Dans les semaines et les mois qui ont suivi, une vague d’immolations ou de tentatives d’immolation par le feu a déferlé sur le monde arabe puis dans les régions tibétaines occupées par la Chine, faisant de 2011 une année tristement record en la matière. L’acte de Mohamed Bouazizi a été imité à plusieurs reprises en Tunisie, en Algérie, en Egypte, en Mauritanie et même jusqu’à Oman, autant de pays à tradition musulmane où le suicide est pourtant formellement proscrit. Une douzaine de personnes se sont sacrifiées durant les révoltes arabes pour protester contre des régimes qui privent leurs peuples de leurs droits politiques et sociaux.

Trois mois après le succès des révoltes en Tunisie et en Egypte, cette forme de contestation radicale a gagné le Tibet. Depuis mars 2011, douze moines et nonnes bouddhistes se sont auto-immolés. Au moins sept d’entre eux sont morts, en silence, dans l’indifférence quasi générale, déplorait le premier ministre tibétain en exil Losang Sangay lors sa récente visite en Suisse.
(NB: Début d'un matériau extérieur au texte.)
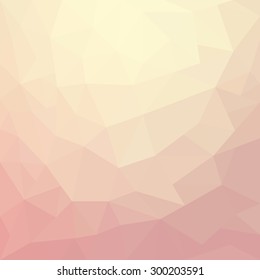 Abstract pink geometric background - Vector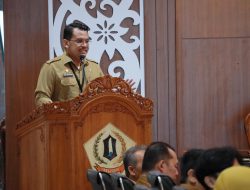 Wabup Herman Susilo Tekankan Pentingnya Agen Siber untuk Jaga Keamanan Informasi Daerah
L’indignation de certains pays – dont le nôtre – face à ces immolations ne suffit pas à empêcher Pékin de resserrer l’étau sur la population tibétaine.

«Les Tibétains ont recours à de tels actes désespérés parce que la situation est désespérée», a insisté le successeur politique du dalaï-lama en regrettant que la communauté internationale ne porte pas autant d’attention à ces actes qu’au «printemps arabe». Quant au chef spirituel du peuple tibétain, il a rejeté la demande de Pékin de condamner les auto-immolations. Au contraire, le dalaï-lama, qui estime que «le génocide culturel» mené par la Chine au Tibet est à l’origine de cette récente vague d’immolations, a même tenu un sermon pour honorer la mémoire des victimes.

Cette forme extrême de protestation sociale et politique est plus que jamais d’actualité. Elle est toujours dramatique, mais pas nouvelle. De 1963 à 2002, 533 auto-immolations ont été rapportées par les médias occidentaux.